» **WHAT YOU HAVE TO DO**
Find the word "arches" in the listing. Copy out each line where it occurs.
──────── TASK DATA
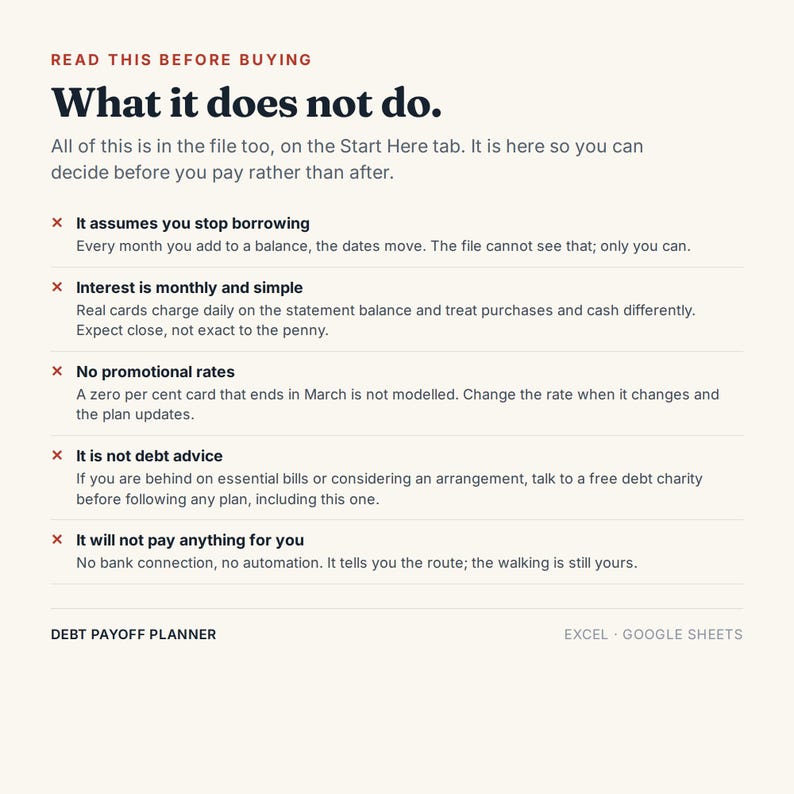May include: A digital document titled READ THIS BEFORE BUYING What it does not do. It lists five limitations of a debt payoff planner: it assumes you stop borrowing, interest is monthly and simple, no promotional rates, not debt advice, and it will not pay anything for you. The text is black on a cream background with the footer DEBT PAYOFF PLANNER EXCEL GOOGLE SHEETS.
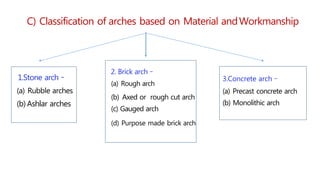2. Brick arch –
(a) Rough arch
(b) Axed or rough cut arch
(c) Gauged arch
(d) Purpose made brick arch
3.Concrete arch –
(a) Precast concrete arch
(b) Monolithic arch
1.Stone arch –
(a) Rubble arches
(b) Ashlar arches
C) Classification of arches based on Material andWorkmanship
 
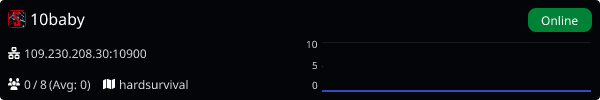 Server Banner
────────────────
» **ANSWER BELOW**
(a) Rubble arches
(b) Ashlar arches
C) Classification of arches based on Material andWorkmanship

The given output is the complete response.